Anadilde Eğitim ve Demokratik Özerklik

Anadilde Eğitim ve Demokratik Özerklik

Türkiyeli Araplar'da iki dilde eğitim tartışmasına katıldıalr ve çözüm önerilerini sundular.

Son günlerde tartışmaya açılan demokratik özerklik ve anadilde eğitim konuları, toplumda beklenenin üstünde bir ilgi gördü. Son MGK bildirisiyle de bu konu devletin zirvesinde ciddi bir şekilde yer aldı. Sayın Cumhurbaşkanı’nın, Sayın Başbakan’ın, tüm siyasi parti Genel Başkanlarının ve bir çok siyasetçi ve düşünürün konu üzerinde açıklamalar yapmaları da konunun ne kadar hassas olduğunu gösteriyor.

Ana dilde eğitim, bir insan hakları gerçeği olarak karşımızda dururken bu konuda ciddi adımların atılmasının yolunun demokrasimizin daha da güçlenmesinden geçtiğine inanıyoruz. İnsanların ana dillerini korkmadan, özgürce konuşabilmeleri, geliştirebilmeleri ve eğitim kademelerinde eğitim-öğretim dili olarak kullanabilmeleri en temel insani haktır ve Türkiye’nin de zenginliği olarak görülmelidir.

Bu noktada anadilde eğitim ve konuşma özgürlüğünün önündeki tüm engellerin toplumsal dokuya zarar vermeden, yapıcı çalışmalarla kaldırılması gerekir. Son yıllarda bu yönde atılan adımlar  bizlerde büyük bir memnuniyet uyandırmaktadır. Bu sürece iyi niyetle katkılar sunmak ta toplumsal barış açısından tüm vatandaşların görevi olmalıdır. Burada iyi niyet ve samimiyet son derece önemlidir.

Yine tartışmaya açılan Demokratik özerklik taleplerinin yurdun büyük bölümünde Doğu ve Güneydoğu Anadolu bölgesinde yaşayan farklı etnik guruplar üzerinde de olumsuz bir etki bıraktığını ve demokratik açılımların sekteye uğraması tehlikesi ile karşı karşıya kaldığımızın da bilinmesi gerekir.
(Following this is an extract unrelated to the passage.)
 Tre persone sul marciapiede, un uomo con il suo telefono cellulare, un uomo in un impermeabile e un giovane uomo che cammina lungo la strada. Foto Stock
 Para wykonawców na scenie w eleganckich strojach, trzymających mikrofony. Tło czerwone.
Türkiye gerçekleri ile bağdaşmayan demokratik özerklik projesi, sorunlara yapıcı bir çözüm getirme yerine sorunları içinden çıkılamaz boyuta taşımaktadır. Nihayetinde Türkiye’nin hemen her bölgesinde iç içe geçmiş farklı etnik kökene sahip vatandaşlar yaşamaktadır. Bahse konu özerklik projesi ile amaçlanan kitle farklı etnik kimlikler mi, bölge mi yoksa parti mi?
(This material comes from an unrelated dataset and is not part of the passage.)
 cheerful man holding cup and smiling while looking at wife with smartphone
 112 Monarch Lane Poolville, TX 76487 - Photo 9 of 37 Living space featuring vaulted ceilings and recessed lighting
Türkiye’deki farklı etnik kimlikler bu projenin neresinde?

 Sadece bir partinin gündeminde olan ve yine siyaset kurgularını yapılandırdıkları Kürt etnik kimliğine sahip geniş halk kesimince dahi kabul görmeyen böyle bir proje sunulurken toplumun hassasiyetlerinin daha iyi hesap edilmesi gerekmez miydi?
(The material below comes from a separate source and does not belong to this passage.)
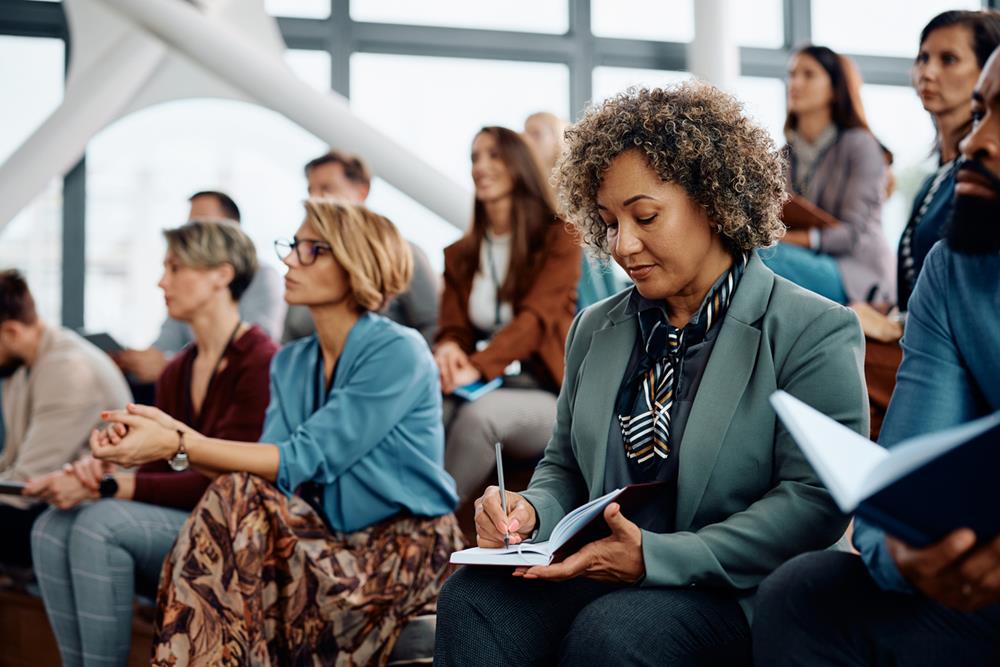 Writers and publishers in a conference hall listening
Bunun gibi sonu belirsiz onlarca soruyu içerisinde barındıran böylesi bir projenin değil bölgeye, Türkiye’ye huzur getirmeyeceği; zaten kangrenleşmiş sorunların üzerine yeni sorunları ekleyeceği de görülüyor.

Hal böyle iken demokratik açılımlara iyi niyetle katkı sunmak, farklılıklarımızla birlikte, hiçbir etnik ve kültürel gurubu incitmeden toplumsal barışa giden bu süreci iyi yönetmek zorundayız.